Globe and Mail Update

Does IT Matter?By Nicholas G. Carr,Harvard Business School Press,191 pages, $40.95



In May, 2003, journalist Nicholas Carr wrote an article entitled IT Doesn't Matter, for the Harvard Business Review, that set off a furious debate when techies reacted to his claim that the importance of information technology has faded.

Now he has revived and expanded his argument in a book, Does IT Matter? While the title is more restrained, he remains steadfast in his view that information technology -- the largest corporate capital expenditure -- is rapidly diminishing, rather than growing, in strategic importance.

"As IT has become more powerful, more standardized, and more affordable, it has been transformed from a proprietary technology that companies can use to gain an edge over their rivals into an infrastructural technology that is shared by all competitors. Information technology has increasingly become, in other words, a simple factor of production -- a commodity input that is necessary for competitiveness but insufficient for advantage," he warns.

We all use similar software office suites with equivalent functions. Large companies tend to have comparable enterprise-resource systems for their business operations. Technological breakthroughs are copied fairly quickly, as consultants and contractors carry the best practices from client to client.

Even the apparent exceptions prove the rule. Wal-Mart Stores Inc. and Dell Inc. are often cited as technology exemplars, but Mr. Carr notes that neither has built its advantage on technology itself. Instead, they beat the competition by better business models and disciplined, efficient execution of their tech-enhanced strategy.

The book quotes Tony Comper, the chief executive officer of Bank of Montreal, noting that his customers and employees use only about 20 per cent of their computing capabilities (and he stresses that's a generous estimate). "Like most A-list organizations, BMO Financial Group has just about all the basic technologies we need to successfully compete right now," Mr. Comper adds.

The author points out that attitude contradicts the views of others in the tech industry who have convinced themselves IT's benefits will escalate indefinitely. "But it's hardly bad news. To say that IT's greatest business innovations lie in the past is not to say that the industry has failed but rather that it has succeeded," he says.

There will still be breakthroughs and elaborations on current technology. He predicts they will be quickly adopted throughout entire industries, offering higher productivity, better products and happier customers, but offer no strategic advantages.

Chief information officers presumably will remain in their posts -- unlike the vice-presidents of electricity for companies early in the past century who disappeared after their coveted technology lost its strategic decisiveness. But the focus on IT, he says, should be on managing the money pit, with four guiding principles:

Spend less: Companies must separate essential investments and activities from ones that are discretionary, unnecessary or even counterproductive. Most companies can reap significant savings by simply cutting out waste, such as updates of staff personal computers that already have sufficient power and capabilities.

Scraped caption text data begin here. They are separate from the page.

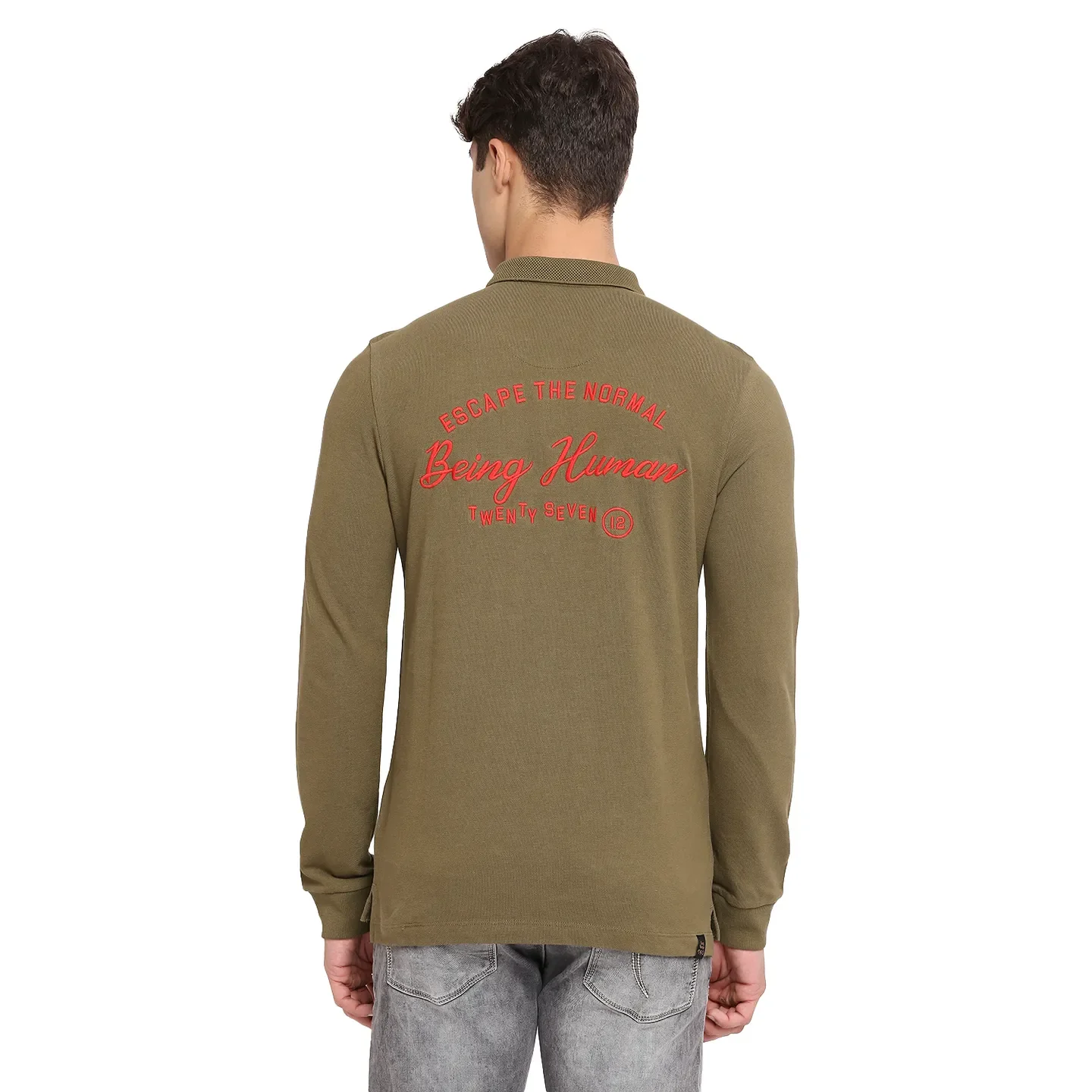 Green Regular Fit Men's Long Sleeves Polo T-Shirt by Being Human Clothing - Image 4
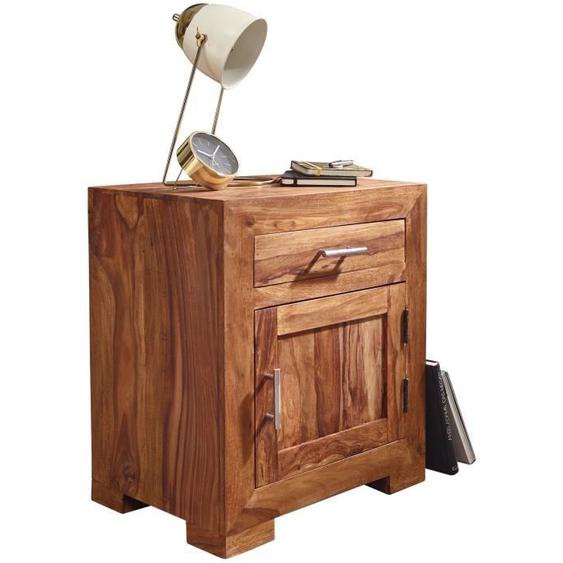 Table de chevet en bois massif - FINEBUY - Sheesham - 1 tiroir - 2 compartiments de porte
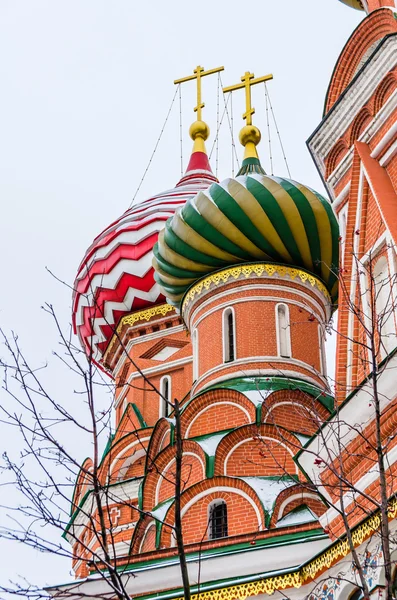 Moskova, Rusya'nın kışın St. Basil Katedrali — Stok fotoğraf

Follow, don't lead: One powerful way to reduce costs without forgoing new systems is simply to spend more slowly, buying when prices fall. It also allows you to learn from the early movers and build better systems.

Innovate when risks are low: When innovations make strategic sense, companies should seek ways to reduce or avoid the high costs associated with being a first mover. Wal-Mart is doing that, he notes, by making suppliers pay for much of the cost of its new RFID technology for tagging products. Pursuing innovations that competitors will have difficulty adopting because they are narrow and highly specialized can also reduce risks.

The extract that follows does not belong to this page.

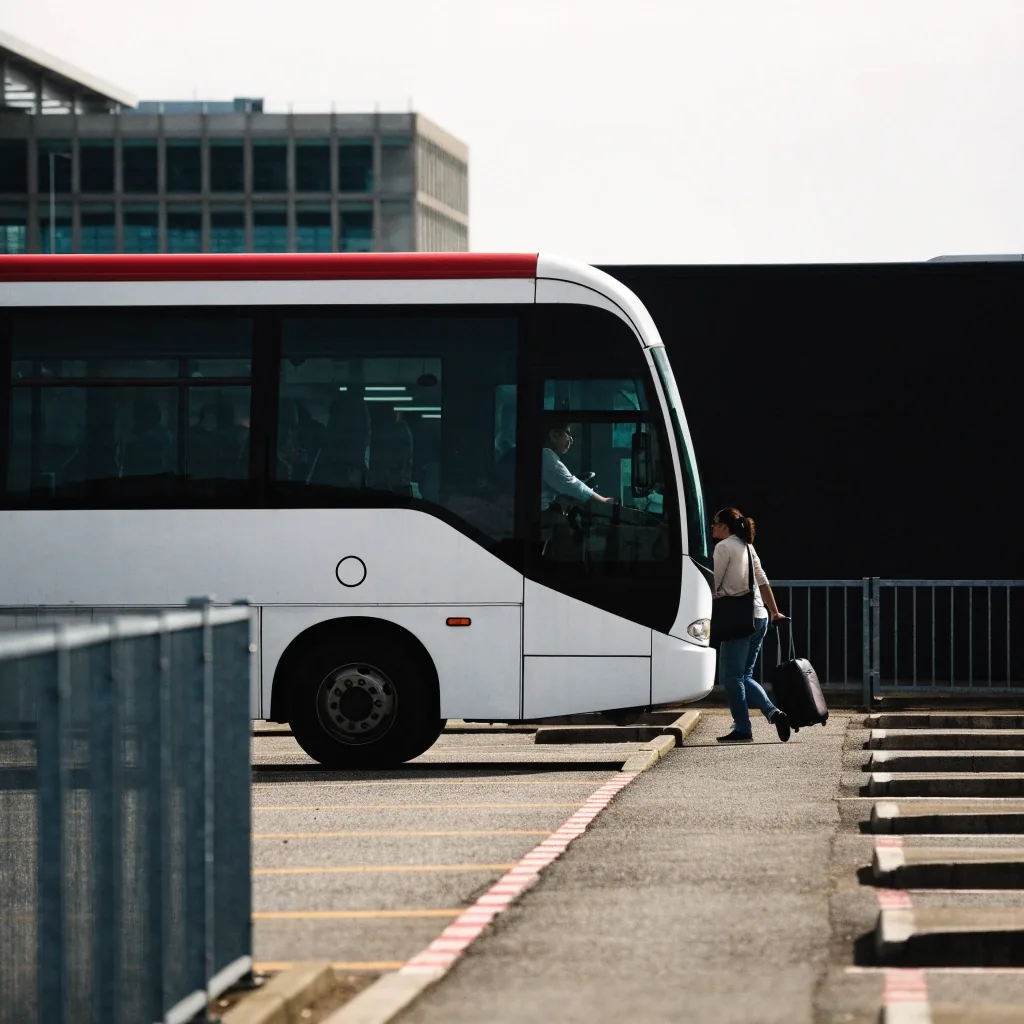 Painted bay lane in a second open-air long-stay car park at Brisbane Airport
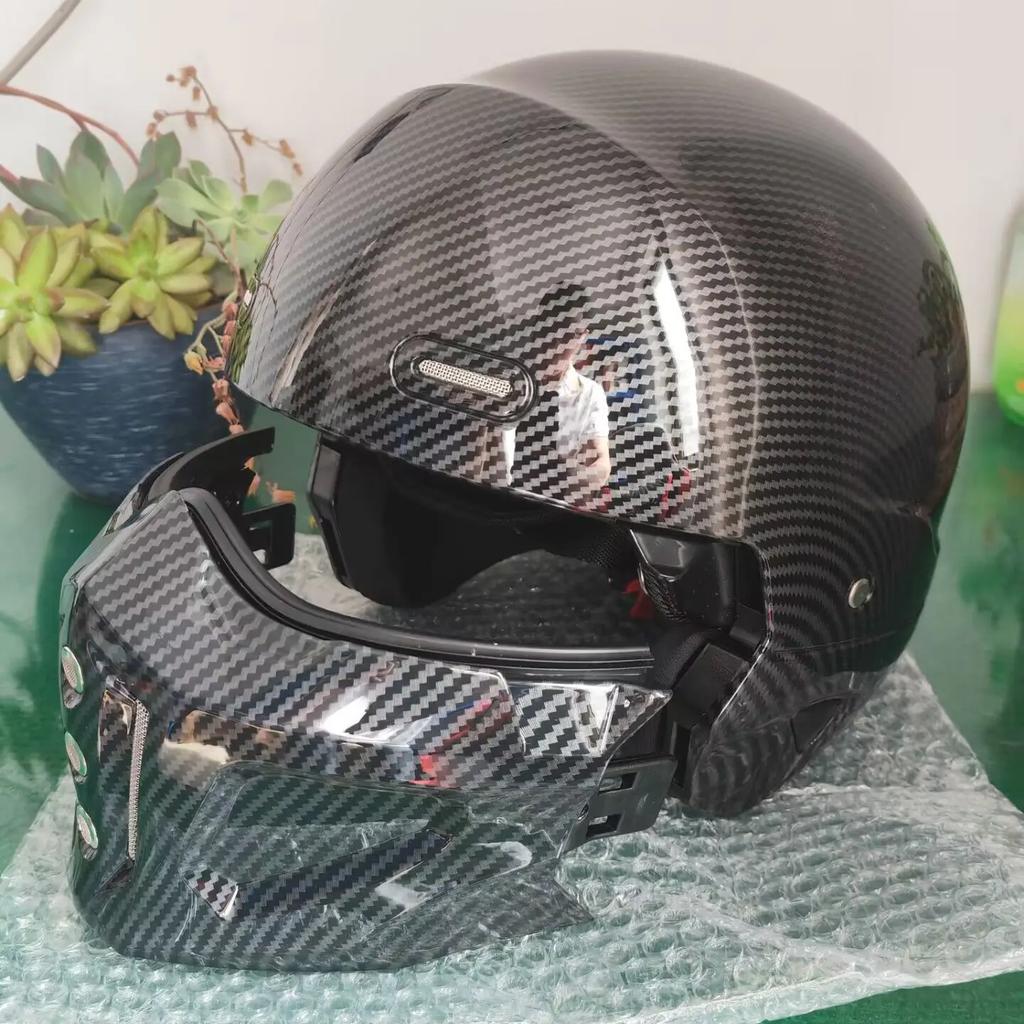 Vintage Open Helmet Full Face Casque Chopper Bobble Style Motorbike Casco Moto 3/4 Jet Wind Face Shied Dot Approved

Focus more on vulnerabilities than opportunities: Companies need to focus on security and potential disruptions to operations, as well as the risk of incompatible systems through decentralized IT decision-making.

Over the past year, Mr. Carr has heard all the arguments against his thesis. In this book, he dismisses them one by one, making a strong case that we need to rethink IT, since its importance has waned.

In Addition: Canadian consultant Lance Secretan is foggy and talking only to the converted in the opening chapters of Inspire! What Great Leaders Do (John Wiley, 233 pages, $35.99).

But when he becomes more concrete in presenting his ideas for "Higher Ground Leadership," he becomes inspiring.

He cites many examples of companies moving to servant leadership, in which leaders help to meet the deeper needs of staff, customers and community. Instead of training aggression into our leaders, he argues we need to make them "people whisperers," who, like horse whisperers, can gently motivate.

Just In: Retired world heavyweight champion wrestler Nikita Koloff and consultant Jeffrey Gitomer mix wrestling and career advice in their tag-team effort, Wrestling With Success (John Wiley, 213 pages, $35.99).

The Partnership Charter (Basic Books, 260 pages, $26.95), by David Gage, sets out how to start out right with your new business partnership or fix the one you're in.

Scott Donaton, editor of Advertising Age, explains why the entertainment and advertising industries must converge to survive, in Madison & Vine (McGraw-Hill, 202 pages, $31.95).

In Profits With Principles (Currency, 385 pages, $39.95), Ira A. Jackson and Jane Nelson offer seven strategies for delivering value with values.